Whether you are going abroad or just staying with the grandparents for a couple of days, sleeping in a new environment can be something parents regularly worry about with their little one.
My first tip is to lower you expectations.
That's not to say it's going to be a sh*t show.
But if we have an understanding that it might be a little sticky, and they may need some extra support, then we are prepared for it.
However, while it's not something I can guarantee, I hear countless stories of little ones sleeping much better than their personal norm when they are on holiday.
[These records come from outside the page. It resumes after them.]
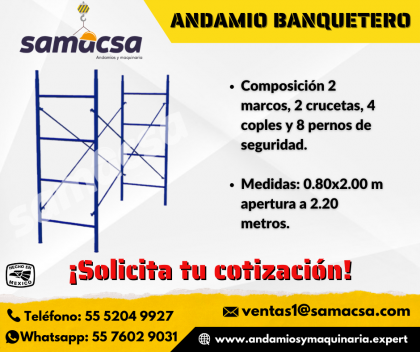 Andamio de 0.80 x 2.00 (Banquetero)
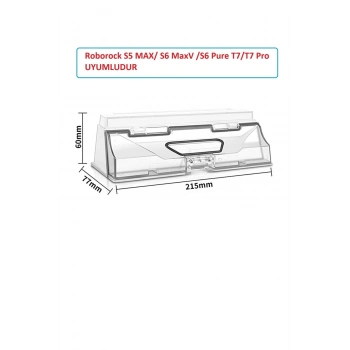 Roborock S5 MAX / S6 MaxV /S6 Pure T7/T7 Pro Toz Haznesi
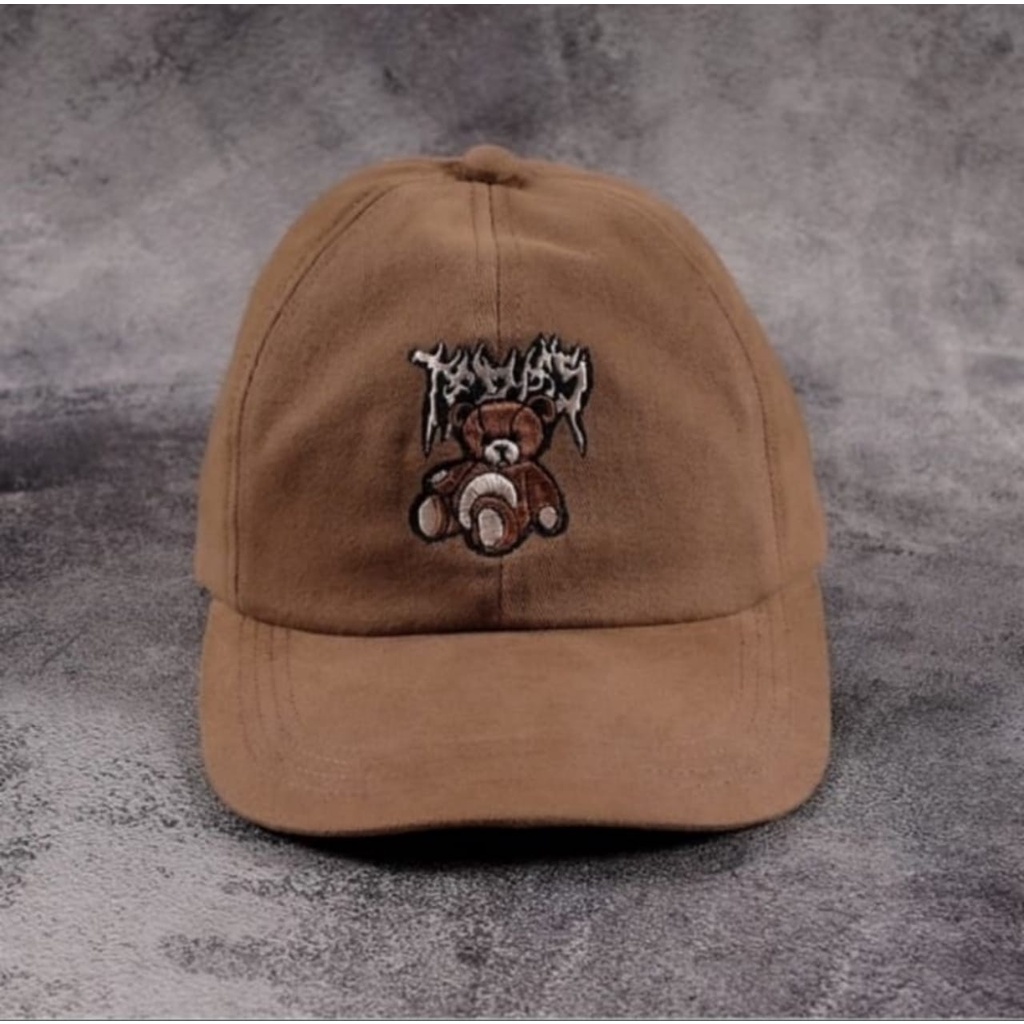 Topi Baseball Distro Unisex Bordir Teddy Bear Premium Quality TERBARU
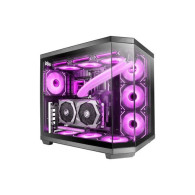 SEMITORRE GAMING ATX MARS GAMING MC3TCORE SIN FUENTE NEGRO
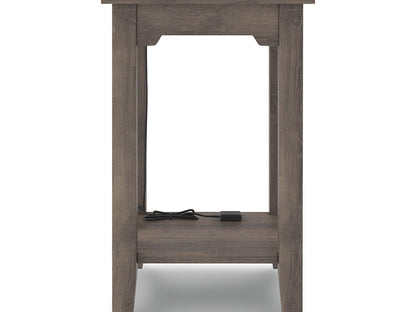 Ashley Furniture Arlenbry Chairside End Table with USB Ports & Outlets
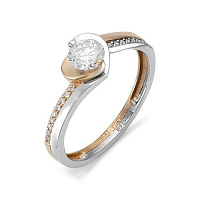 кольцо (Au 585) 1-105-762, изображение 1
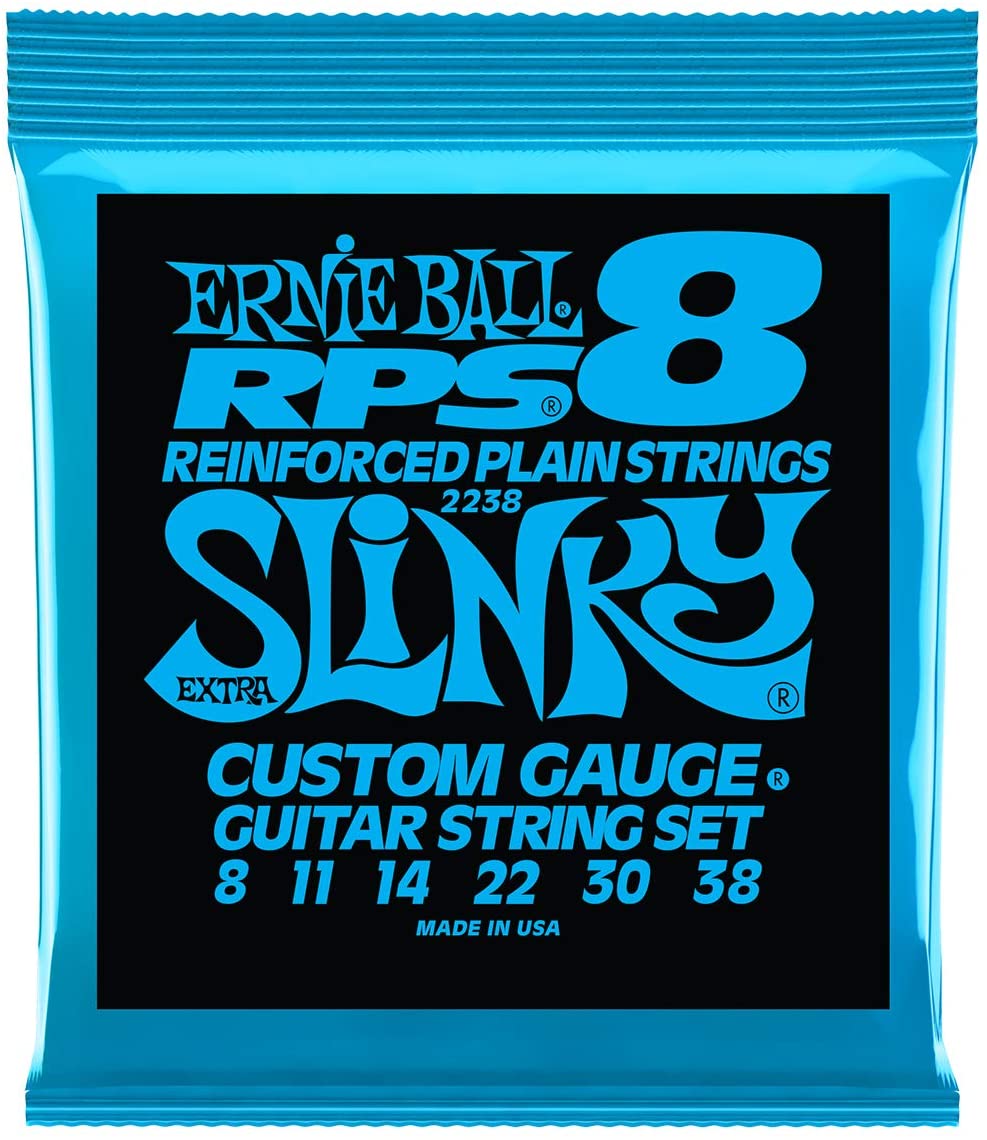 【ゆうパケット便発送・送料無料】ERNIE BALL 2238 エレキギター弦 (08-38) RPS EXTRA SLINKY レインフォースド・プ…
Perhaps its the extra fresh air and outside time, different and exciting stimulation, and potentially even more relaxed parents.
Either way, I don't want you to assume it's going to be awful and for you to avoid experiences because of it.
I also want to note that it's okay to throw out the rule book while on holiday. Later naps, longer naps, later bedtime etc are all fine. Allow yourself the flex to enjoy your time away.
Where possible, plan your journeys around nap time. If they can nap in the car or on the train or plane, it can be helpful.
If that's not possible though, don't panic.
And even if you plan travelling during sleep time, it's helpful to be open to the concept of them not sleeping.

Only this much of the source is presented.